Literary Criticism and Significance
Sam Lipsyte’s bibliography includes three novels and one collection of short stories: Home Land (2004), The Subject Steve (2001), The Ask (2010), and Venus Drive (2000). Lipsyte is also a former editor at the online literary publication FEED. In 2008 Lipsyte received a Guggenheim fellowship for which he thanks the Guggenheim’s on the “Acknowledgements” page of The Ask.
Prior to the publication and success of The Ask, Lipsyte is described as having a cult following but never a break-out book. His first novel, The Subject Steve, reportedly, sold 1,100 hardback copies.

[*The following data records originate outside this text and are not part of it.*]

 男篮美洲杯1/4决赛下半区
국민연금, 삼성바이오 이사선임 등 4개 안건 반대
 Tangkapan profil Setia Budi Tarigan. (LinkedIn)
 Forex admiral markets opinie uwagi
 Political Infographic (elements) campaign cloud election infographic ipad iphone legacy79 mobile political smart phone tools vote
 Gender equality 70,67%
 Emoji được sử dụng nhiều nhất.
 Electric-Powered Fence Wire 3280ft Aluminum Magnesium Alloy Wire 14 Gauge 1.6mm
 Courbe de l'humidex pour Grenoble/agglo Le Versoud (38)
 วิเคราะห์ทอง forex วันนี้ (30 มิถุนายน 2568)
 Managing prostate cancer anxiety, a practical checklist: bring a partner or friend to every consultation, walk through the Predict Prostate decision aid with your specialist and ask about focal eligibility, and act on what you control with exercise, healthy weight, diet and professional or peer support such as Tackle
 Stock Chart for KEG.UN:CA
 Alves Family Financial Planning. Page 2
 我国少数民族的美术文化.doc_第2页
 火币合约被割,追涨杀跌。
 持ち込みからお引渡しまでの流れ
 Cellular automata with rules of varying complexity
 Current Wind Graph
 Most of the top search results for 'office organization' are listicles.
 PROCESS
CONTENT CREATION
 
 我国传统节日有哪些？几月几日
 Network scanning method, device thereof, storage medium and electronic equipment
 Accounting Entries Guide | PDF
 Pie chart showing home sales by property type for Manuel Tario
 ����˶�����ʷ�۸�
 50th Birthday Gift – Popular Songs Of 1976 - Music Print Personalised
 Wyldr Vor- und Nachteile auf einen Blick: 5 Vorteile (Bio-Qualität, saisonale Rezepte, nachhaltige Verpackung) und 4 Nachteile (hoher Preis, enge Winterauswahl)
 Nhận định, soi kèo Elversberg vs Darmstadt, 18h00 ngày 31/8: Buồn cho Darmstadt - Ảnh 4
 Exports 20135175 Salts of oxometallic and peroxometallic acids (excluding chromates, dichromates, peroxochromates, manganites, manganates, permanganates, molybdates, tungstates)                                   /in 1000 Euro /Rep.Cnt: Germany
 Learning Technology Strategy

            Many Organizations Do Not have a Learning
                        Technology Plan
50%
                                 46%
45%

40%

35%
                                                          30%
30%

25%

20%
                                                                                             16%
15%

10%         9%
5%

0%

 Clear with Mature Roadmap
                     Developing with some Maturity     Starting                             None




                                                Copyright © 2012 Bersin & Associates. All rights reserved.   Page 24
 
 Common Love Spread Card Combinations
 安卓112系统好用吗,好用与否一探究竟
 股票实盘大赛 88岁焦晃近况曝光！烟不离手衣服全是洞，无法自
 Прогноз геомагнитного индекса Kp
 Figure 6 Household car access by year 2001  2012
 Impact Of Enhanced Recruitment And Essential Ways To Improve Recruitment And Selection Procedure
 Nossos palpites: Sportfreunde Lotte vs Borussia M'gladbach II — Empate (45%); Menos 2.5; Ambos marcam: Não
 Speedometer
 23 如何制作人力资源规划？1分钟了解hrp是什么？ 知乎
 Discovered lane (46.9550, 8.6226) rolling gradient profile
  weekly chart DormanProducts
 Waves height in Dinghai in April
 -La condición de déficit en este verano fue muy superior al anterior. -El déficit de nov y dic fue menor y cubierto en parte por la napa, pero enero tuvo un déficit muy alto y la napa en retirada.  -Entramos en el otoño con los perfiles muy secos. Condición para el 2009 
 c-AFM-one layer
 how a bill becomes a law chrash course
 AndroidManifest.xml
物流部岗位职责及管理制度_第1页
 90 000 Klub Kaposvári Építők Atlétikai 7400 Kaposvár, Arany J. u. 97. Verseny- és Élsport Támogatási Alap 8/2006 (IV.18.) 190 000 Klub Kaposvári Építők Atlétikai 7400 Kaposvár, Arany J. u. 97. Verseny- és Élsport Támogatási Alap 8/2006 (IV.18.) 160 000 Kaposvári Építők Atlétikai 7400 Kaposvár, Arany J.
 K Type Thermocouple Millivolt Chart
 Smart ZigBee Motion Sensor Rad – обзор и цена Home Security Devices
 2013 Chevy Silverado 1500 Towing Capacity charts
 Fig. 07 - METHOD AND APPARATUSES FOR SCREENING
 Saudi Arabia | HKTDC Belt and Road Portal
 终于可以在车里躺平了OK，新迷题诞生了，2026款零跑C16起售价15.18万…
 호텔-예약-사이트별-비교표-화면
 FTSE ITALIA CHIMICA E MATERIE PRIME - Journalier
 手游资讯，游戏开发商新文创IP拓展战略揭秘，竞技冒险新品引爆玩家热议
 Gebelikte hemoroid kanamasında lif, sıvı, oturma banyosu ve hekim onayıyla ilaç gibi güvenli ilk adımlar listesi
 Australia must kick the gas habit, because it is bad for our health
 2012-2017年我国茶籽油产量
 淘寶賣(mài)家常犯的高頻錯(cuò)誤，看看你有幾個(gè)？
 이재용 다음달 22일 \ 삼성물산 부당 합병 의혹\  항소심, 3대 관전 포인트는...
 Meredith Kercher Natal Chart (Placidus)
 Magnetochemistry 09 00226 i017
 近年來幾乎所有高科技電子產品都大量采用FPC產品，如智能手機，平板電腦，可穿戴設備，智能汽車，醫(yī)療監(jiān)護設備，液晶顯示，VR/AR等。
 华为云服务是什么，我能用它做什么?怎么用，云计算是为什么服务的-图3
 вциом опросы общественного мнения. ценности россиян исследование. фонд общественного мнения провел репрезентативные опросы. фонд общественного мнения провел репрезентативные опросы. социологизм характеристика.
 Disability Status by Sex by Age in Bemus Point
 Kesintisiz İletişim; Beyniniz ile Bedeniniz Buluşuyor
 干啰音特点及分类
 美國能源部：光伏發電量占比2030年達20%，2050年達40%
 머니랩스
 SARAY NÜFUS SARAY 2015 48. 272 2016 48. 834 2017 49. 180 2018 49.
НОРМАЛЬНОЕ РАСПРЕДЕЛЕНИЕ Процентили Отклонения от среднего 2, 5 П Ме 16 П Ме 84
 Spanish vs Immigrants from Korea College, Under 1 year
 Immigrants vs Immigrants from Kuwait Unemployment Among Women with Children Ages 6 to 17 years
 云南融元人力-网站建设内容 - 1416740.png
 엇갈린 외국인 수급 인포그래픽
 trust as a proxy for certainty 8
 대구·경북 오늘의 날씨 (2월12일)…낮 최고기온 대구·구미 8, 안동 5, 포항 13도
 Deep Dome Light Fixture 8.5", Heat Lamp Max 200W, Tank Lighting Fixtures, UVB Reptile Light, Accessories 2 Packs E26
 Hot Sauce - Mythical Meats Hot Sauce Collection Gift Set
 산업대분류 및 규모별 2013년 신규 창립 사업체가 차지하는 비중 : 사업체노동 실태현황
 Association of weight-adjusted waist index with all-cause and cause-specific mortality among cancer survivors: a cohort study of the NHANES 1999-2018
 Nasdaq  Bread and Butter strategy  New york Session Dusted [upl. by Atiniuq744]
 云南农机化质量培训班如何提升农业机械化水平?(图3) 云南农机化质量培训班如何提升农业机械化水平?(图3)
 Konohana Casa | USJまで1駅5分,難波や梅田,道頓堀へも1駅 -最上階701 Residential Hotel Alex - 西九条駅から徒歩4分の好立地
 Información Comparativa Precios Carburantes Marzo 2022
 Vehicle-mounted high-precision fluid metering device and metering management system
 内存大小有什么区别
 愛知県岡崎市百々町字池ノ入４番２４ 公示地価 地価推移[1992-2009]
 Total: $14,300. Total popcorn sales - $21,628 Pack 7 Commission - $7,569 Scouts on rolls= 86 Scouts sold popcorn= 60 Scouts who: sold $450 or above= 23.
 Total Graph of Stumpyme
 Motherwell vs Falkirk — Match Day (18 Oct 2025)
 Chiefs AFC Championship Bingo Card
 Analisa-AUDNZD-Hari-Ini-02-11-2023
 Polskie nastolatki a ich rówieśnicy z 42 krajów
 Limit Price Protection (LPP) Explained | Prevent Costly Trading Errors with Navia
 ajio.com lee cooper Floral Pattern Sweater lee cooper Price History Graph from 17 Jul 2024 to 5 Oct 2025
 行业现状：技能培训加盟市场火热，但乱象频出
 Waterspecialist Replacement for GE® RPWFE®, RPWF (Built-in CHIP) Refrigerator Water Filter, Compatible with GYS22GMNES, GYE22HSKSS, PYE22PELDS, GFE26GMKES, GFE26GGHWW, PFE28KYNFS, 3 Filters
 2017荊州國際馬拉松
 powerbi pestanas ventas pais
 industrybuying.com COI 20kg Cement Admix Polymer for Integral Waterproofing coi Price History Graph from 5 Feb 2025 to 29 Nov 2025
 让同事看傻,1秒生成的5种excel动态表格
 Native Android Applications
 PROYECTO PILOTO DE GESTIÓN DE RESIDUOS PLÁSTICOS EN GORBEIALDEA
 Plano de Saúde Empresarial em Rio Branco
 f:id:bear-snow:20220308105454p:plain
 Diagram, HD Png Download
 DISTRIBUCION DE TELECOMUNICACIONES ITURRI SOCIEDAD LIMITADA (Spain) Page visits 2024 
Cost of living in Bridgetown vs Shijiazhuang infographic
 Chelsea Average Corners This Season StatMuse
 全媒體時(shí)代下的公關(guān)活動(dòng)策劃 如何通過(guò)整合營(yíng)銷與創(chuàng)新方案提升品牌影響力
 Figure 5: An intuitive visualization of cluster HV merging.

After receiving good reviews and selling 18,000 copies of his second novel, Home Land, Lipsyte’s third novel, The Ask, had an initial print run of 20,000 copies at the publishing house Farrar, Straus and Giroux.
The Ask has been very well-received by the major critical outlets in the media though it did not garner any awards like his previous novel, Home Land, which was a New York Times Notable Book of the year and winner of the Believer Book Award.
Reviewed in the New York Times, the New York Review of Books, and many more major critical publications, The Ask received high praise on publication. Slate characterized Lipsyte as a “fine microbrewer of bitterness” and the New York Times called the book “well hewn, funny [and] sophisticated.”
Reviewers have focused on the humor and dark social content of Lipsyte’s work, drawing comparisons between Sam Lipsyte and famous American satirist writers like Kurt Vonnegut (Slaughterhouse-Five; Cat’s Cradle) and Joseph Heller (Catch-22).
Though the novel does not identify itself as satire, this connection has been consistently made in reviews of the work.
Lipsyte’s work has been popular in literary circles and among young adults. The humor and novelty of his style has also made his work popular in the UK. Some critics have taken to criticizing reviews of The Ask suggesting that journalists have gone too far in conflating Lipsyte with his protagonist, the loser Milo. Though Lipsyte shares some similarities with Milo Burke, he is indeed successful, married, and employed.
Lipsyte works as a professor at Columbia University in New York City, where he teaches creative writing.